Now when Milly is out walking with me, she stays close to my side, as if she might be afraid of getting lost. She moves around the house much more slowly, too. When she stands, stiffly, it is on little legs that Mike has observed are arthritic. We have been adding glucosamine powder to her food, and that has helped.

But we are trying to prepare ourselves for the inevitable, while holding onto a brave denial scenario: after all, she still likes her food, she still snaps at strangers, she still… and so on.

Like most people, I had thought that ‘dog years’ to human years were a simple seven-to-one. But that is incorrect. The right formula, from those who study these things, is: 10.5 dog years per human year for the first 2 years, then 4 dog years per human year for each year after. It makes much more sense.

By that way of counting Milly, who is 14 — is, if she were human, 69. My age.

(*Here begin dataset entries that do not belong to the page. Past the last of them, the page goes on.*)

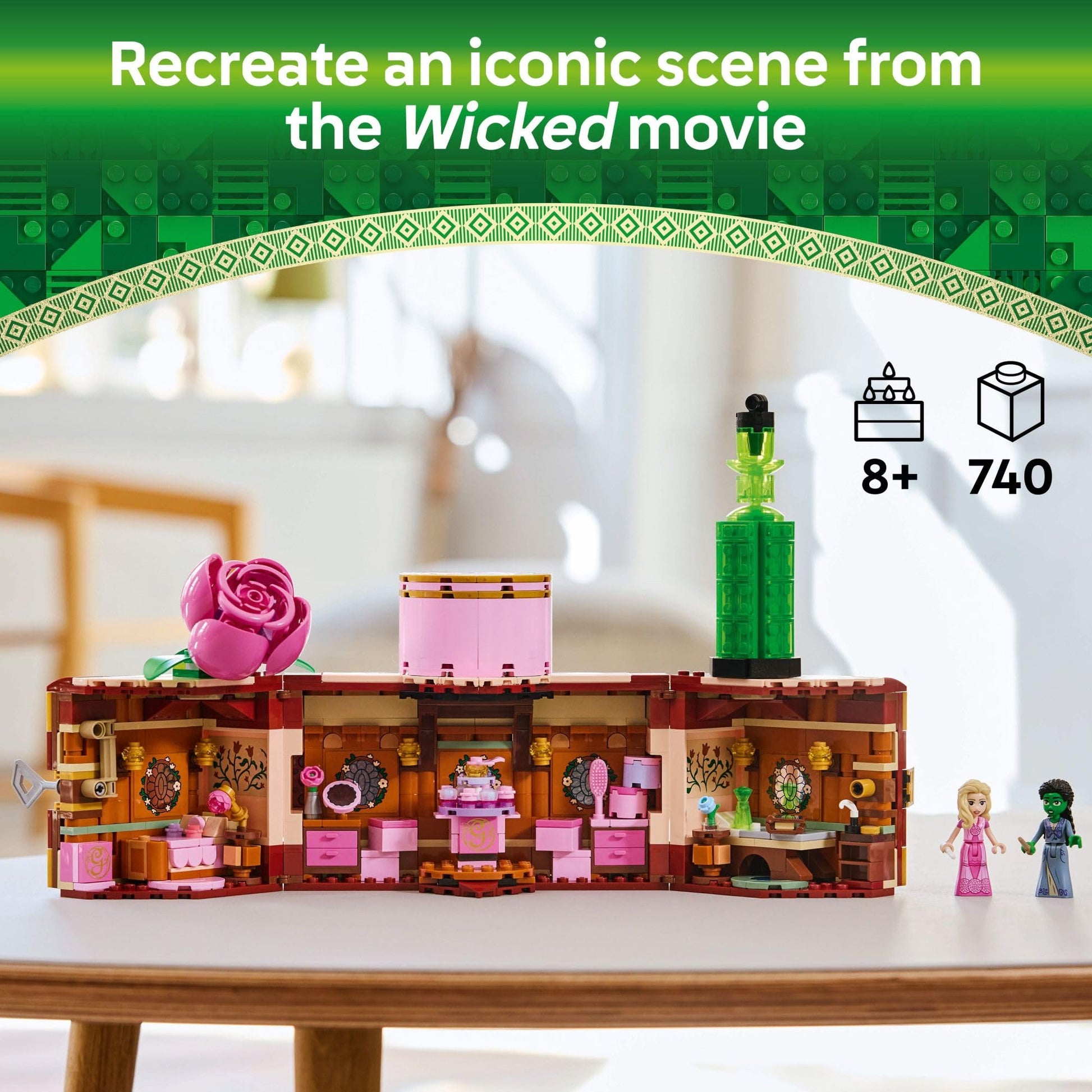 LEGO Wicked Glinda & Elphaba's Dormitory Building Toys - Wicked Toys for Girls & Boys, Age 8+ - Birthday Gift Idea - Buildable Doll House for Kids -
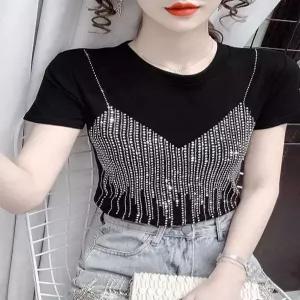 슬림 반팔 라인 상의 블랙 방송댄스 댄스복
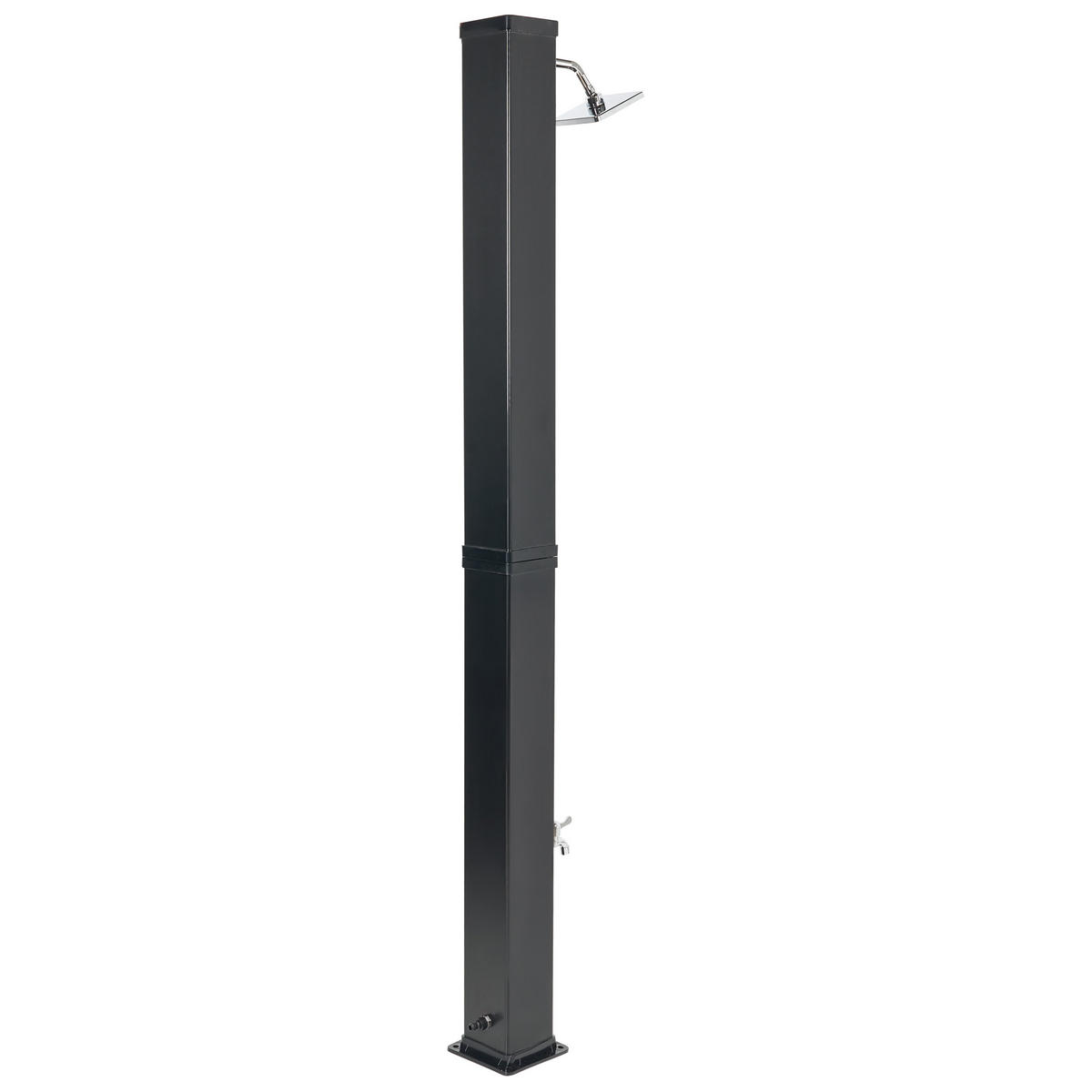 FREISTEHENDE solarbetriebene Gartendusche Schwarz Yaracuy - Schwarz, Kunststoff (19/217/19cm) - Beliani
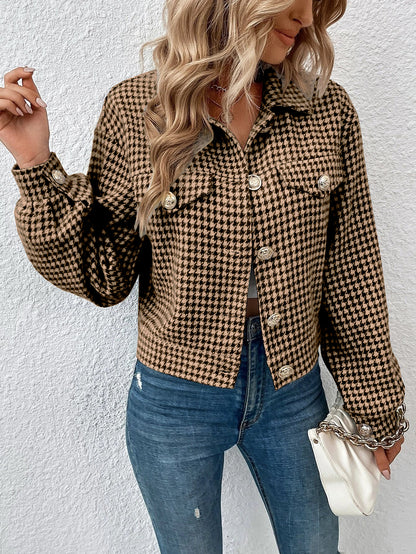 Autumn Winter Women Coat Collared Single Breasted Houndstooth Jacquard Jacket Office Coat Women - Wanita Store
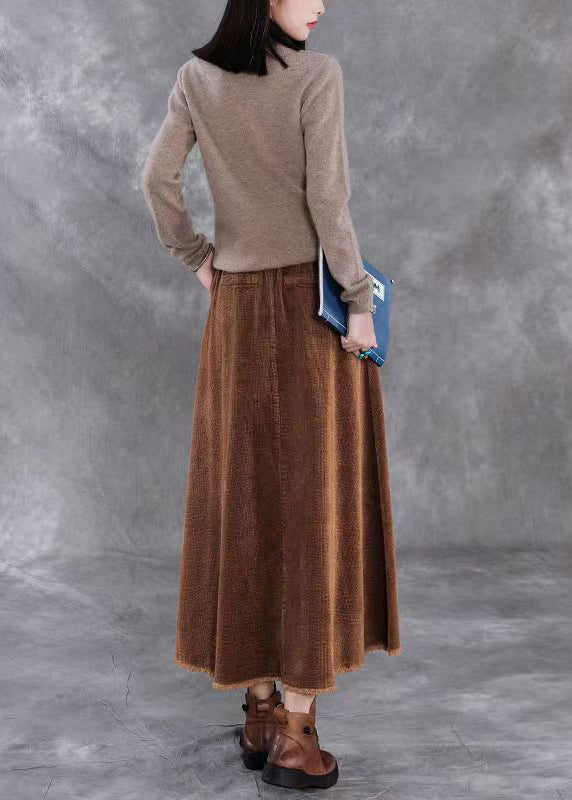 Black Pockets Elastic Waist Corduroy Skirts Spring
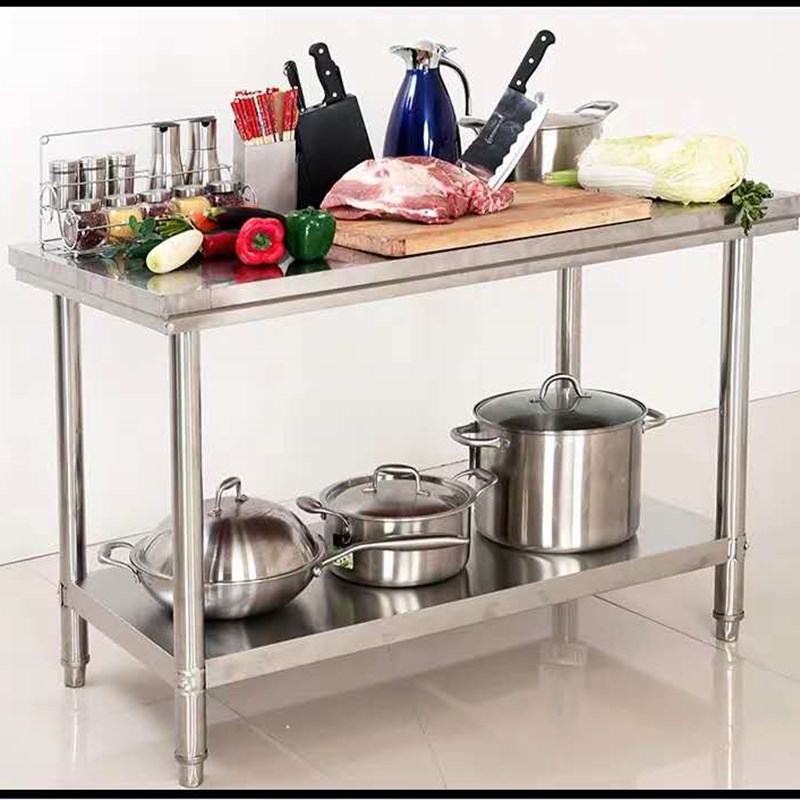 双层不锈钢工作台厨房专用桌子台面加厚案板置物货架打荷切菜奶茶
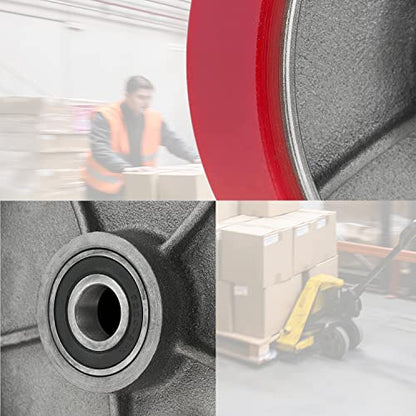 Pallet Jack/Truck Steering Wheels Set with Axle, Fasteners and Protective Caps (2 pcs) 7" x 2" with Bearings ID 20mm Poly Tread Red - size: 7"x2"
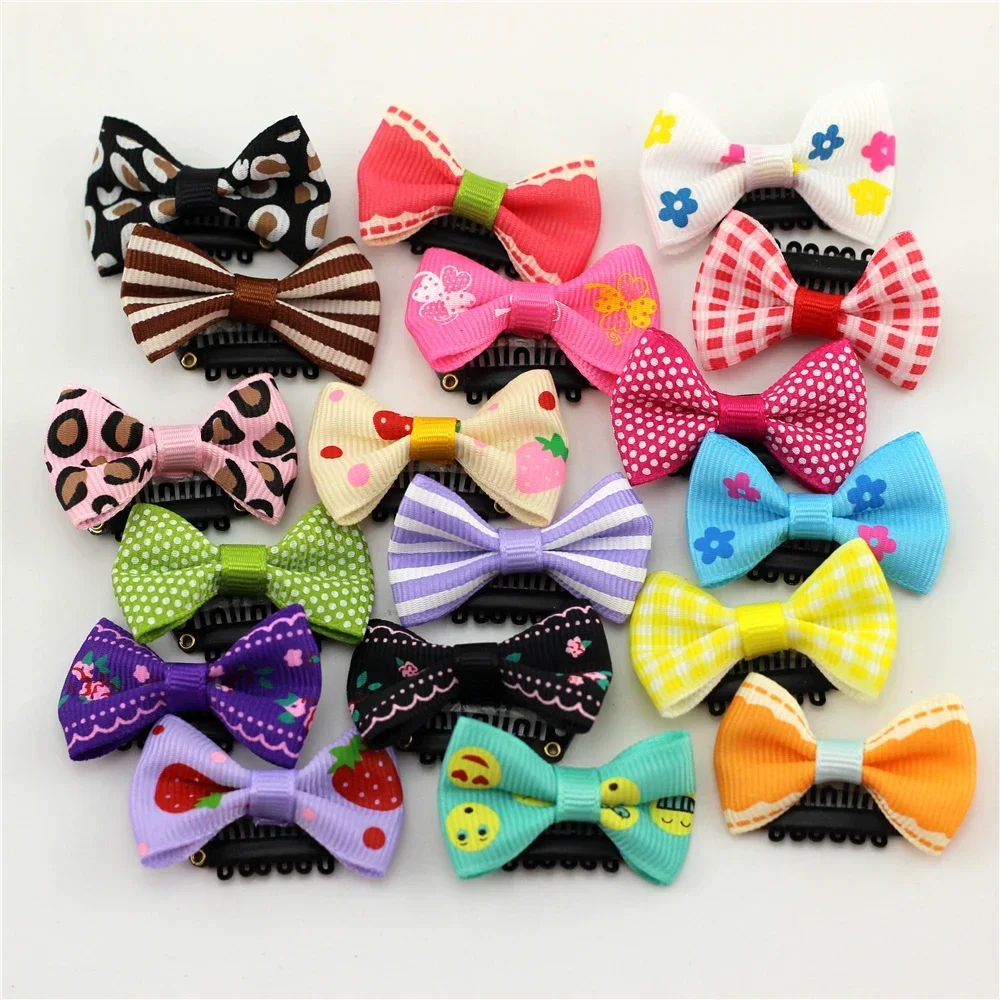 10pc Print Flower/Strawberry/Smile/Cartoon Babies Fine Wispy Hair Mini Latch Wisp Clip Newborn Bow Hair clips Infant Hairpin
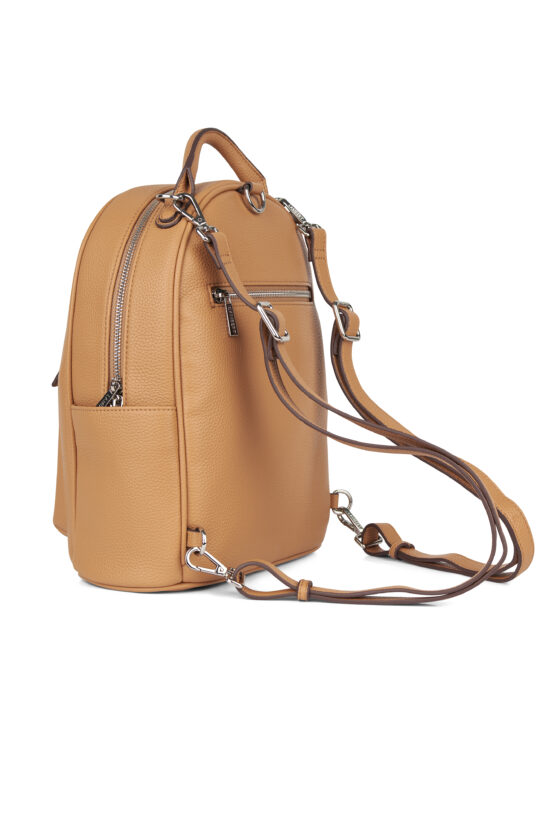 Sac à dos multifonction Le Maude en cuir vegan Camel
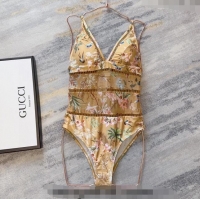 ​Luxury Cheap Gucci Printed Mesh Swimwear 0307 Gold 2024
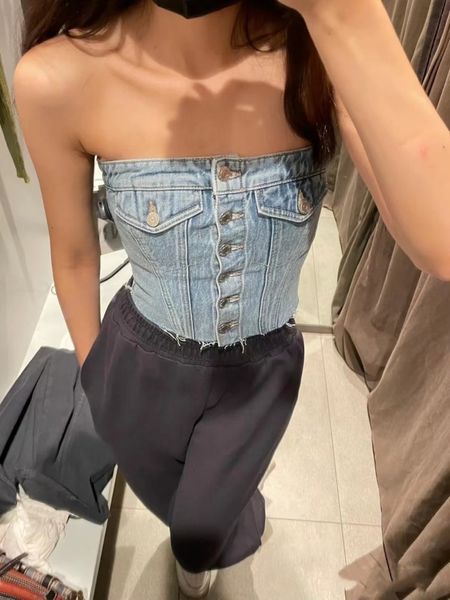 Serbatoi da donna camis blu blu in denim in jeans corset crop women top off -spalla senza maniche bustier top estate signora sexy elegante serbatoio di abbigliamento da strada 230509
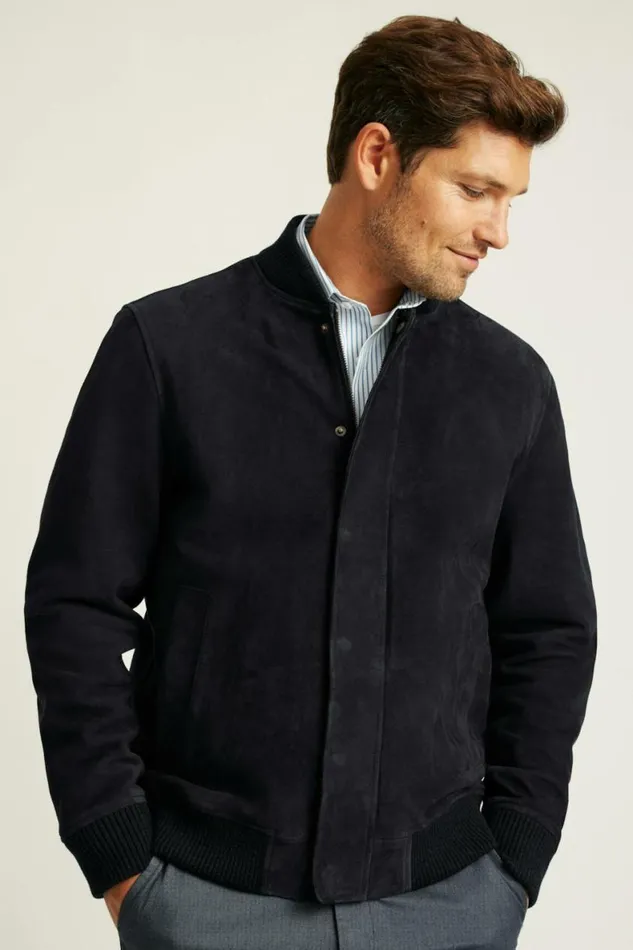 Men The Suede Bomber Jacket Navy Bonobos Jackets and Coats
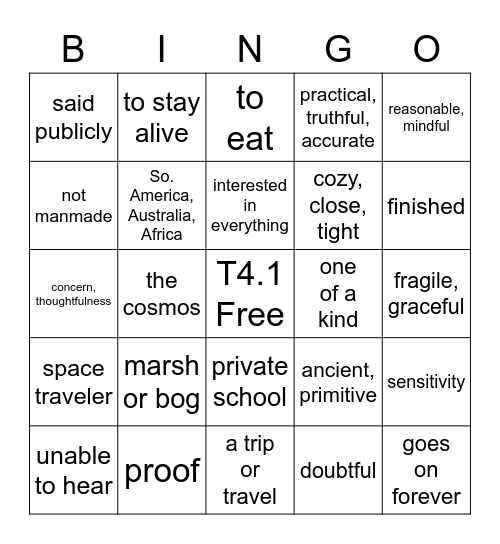 THINKO: T4.1 Units 1-4 Bingo Card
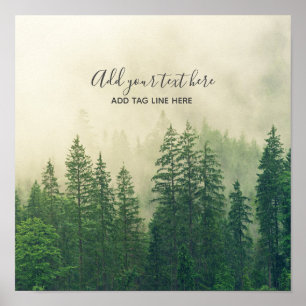 Affiche Misty Pine Forest Trees Custom Keepsake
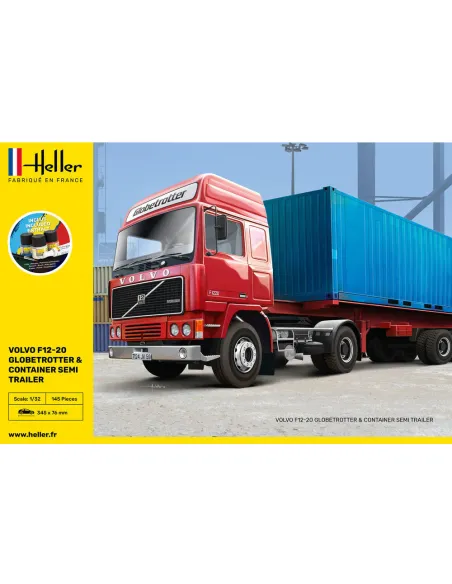 Maquette camion F12-20 Globetrotter & Container semi trailer 1:32 - Starter Kit - Heller 57702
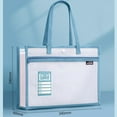thumbnail image 2 of Portable  Waterproof Multifunction Large-capacity Tutorial Bag Document Holder Tote School Bag Tote Bag BLUE, 2 of 8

No wonder I am watching with a certain fascination the gradual setting of her glorious sun. No wonder I am attentive to and curious about each new sign of senility in her.

And no wonder that I have been treating her with new respect, she who guarded the house for so many years, who bared her teeth when a stranger got too close to us, who warned us of approaching visitors, some of them unwanted. She deserves that respect now, living out the long autumn of her life alongside us.

No wonder, when I pass her, I look into her eyes, suddenly clouded with cataracts, and whisper, louder than before, ‘Good girl.’

 

NOTE: On October 4, 2012, Milly passed away peacefully in her sleep under the dining room table…dreaming, one hopes, of juicy bones and running through arroyos. Dreaming, also, of looking at us through clear, youthful eyes, seeking the loving approval that we, mere humans, tried as generously as we could to give.